When it referred to Nixon and/or the film it was o.k. When Dave was naughty and used the word to mean “penis”, it got bleeped.
When Conan “scolded” Dave for his naughty use of the word Dave said:
also, keep in mind that The Daily Show has a TV-PG rating, while South Park has a TV-MA. Although you really do have to wonder if since they’re getting the MA rating anyway, why South Park even does any self-censoring at all?
Sometimes it’s funnier censored. Like when “Fat Abbot” said to the girl “Maybe later you can…” and the rest is left to the imagination.
I was thinking that, too. I don’t think Arrested Development would be nearly as funny unbleeped.
I was actually worried that when South Park was released on DVD it might not be censored. I was quite pleased to hear that the bleeps were kept. Much funnier.
On a related note. . .
I’ve mostly gotten to know South Park on DVD because I have not had cable since the second season. So prior to getting it on DVD I had never seen, or heard about, the episode It Hits the Fan, where they actually use the word “Shit” unbleeped something like 200 times.
In the episode they use the word “shit” because everyone is fascinated by the recent use of the word in a network television cop drama.
Was this premise based on a real life use of “shit” on a network show?

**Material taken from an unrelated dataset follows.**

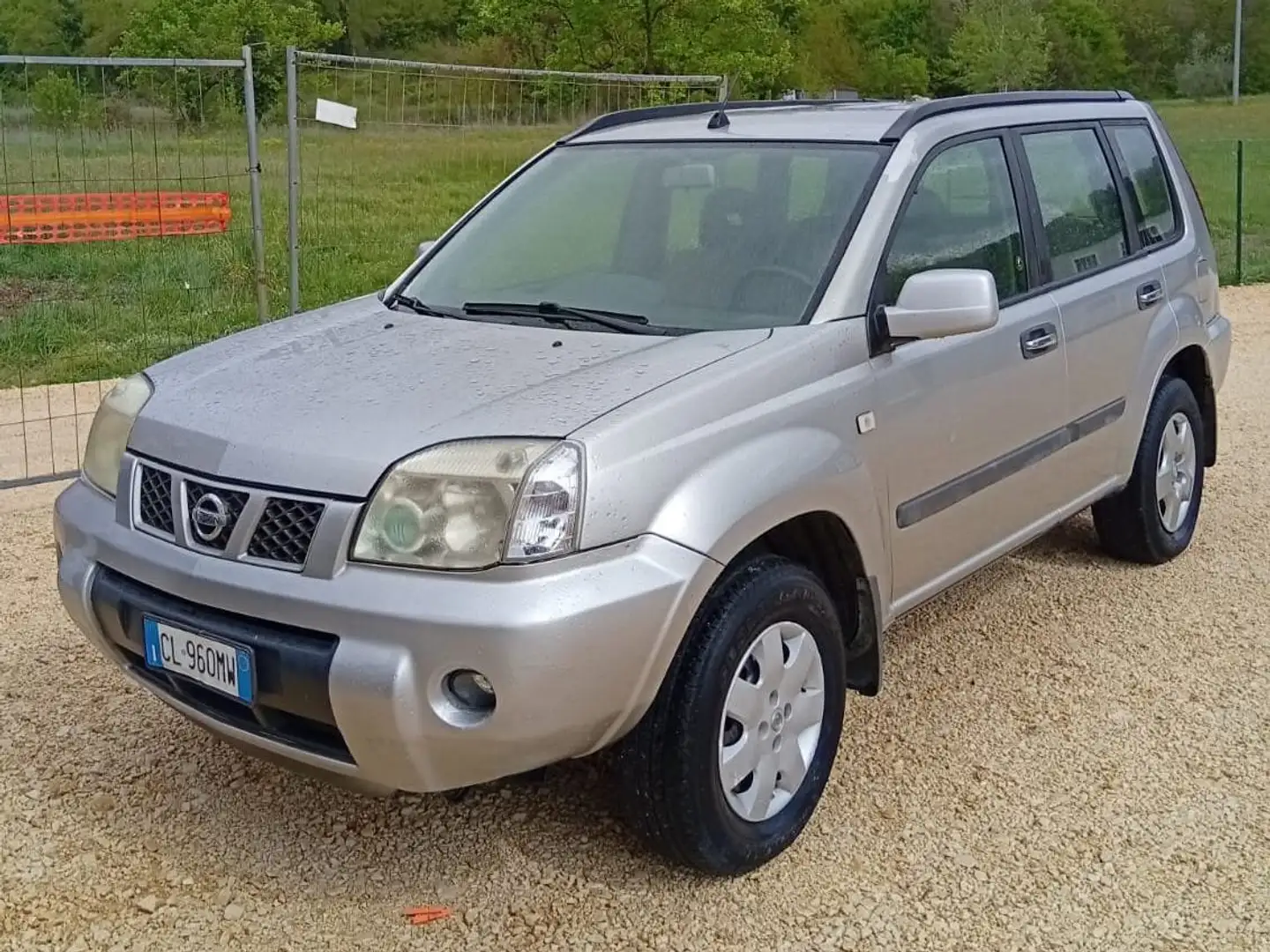 Nissan X-Trail X-Trail 2.2 dci Urban Plus FL Silber - 2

Were the South Park folks taking advantage of the precedent being set (similar to Kevin Nealon’s SNL Weekend Update discussion about the use of the word “Asshole” on NYPD Blue)?
Or did South Park simply advance boldly and alone in their use of the word “Shit” on television?
“How many dicks is that?”
“A lot”
An interesting opposite case happened on Sunday, during the coverage of the Montreal Formula One race on CBS. At one point commentator Derek Daly said about something that had happened to one of the drivers: “He’s [bleeped].” I took it to be “He’s screwed.” But later on, referring to the same situation, he said, “He’s screwed” several times *without being bleeped. *
I got the sense that someone with his finger on the button heard “screwed,” hit the bleep button, thought about it a minute, looked it up in the book, and found that you’re allowed to say “screwed” now. So he let it pass later on. (I’m certain Daly wouldn’t have said “He’s fucked” the first time, and I can’t think of anything else that would have fit.)
Interestingly, the race was tape delayed, so you’d have thought they had the time to get it right.